Despite de Wilde’s handsome, rigid compositions, which nod to her photography background, nimble cutting keeps the action fleet rather than heritage-cinema staid. So Emma’s plan to unite the malleable Harriet with oleaginous vicar Mr Elton snaps along, screenwriter Eleanor Catton’s short scenes and perky dialogue mining the relentless social rounds and snobberies of rural society for comedy. Her most successful seam is female chatter – the touchingly dull twitter of Miranda Hart’s spinster Miss Bates, or the spiteful social point scoring of Mr Elton’s new wife (a preening Tanya Reynolds).

A resolutely stylish, sharp-edged film, it has brittle spots, one of them Taylor-Joy’s Emma, initially a snobbish queen bee with a mean streak. Her bickering romance with old friend Mr Knightley (a captivated but irritated Johnny Flynn) erupts with a start at a ball, where you can feel the temperature flare between them in lingering eye meets, a hand trailing on her waist.
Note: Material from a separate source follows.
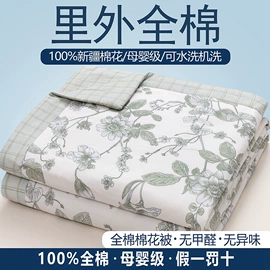 夏凉被;四件套;纤维被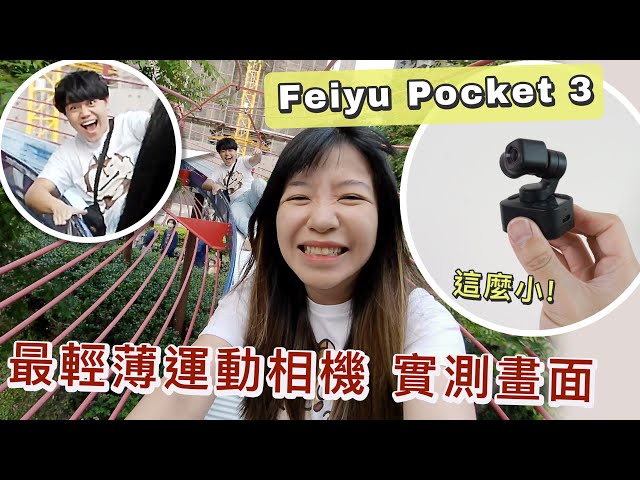Feiyu Pocket 3 飛宇口袋雲台相機- Mobile01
From here on in, the film has some emotional heft, the plot twists that separate them more bite. Shot in shallow focus, or prettily profile to profile, they’re gradually separated from the throng. Though the film doesn’t always foreground female friendship, despite Emma’s protestations, late on it tears her satisfyingly between love and loyalty. There’s barely a bat squeak of proto-feminism here, with marriage and a fine house presented as every woman’s holy grail, yet the headstrong and opinionated Emma feels empowered in a distinctly 21st-century manner.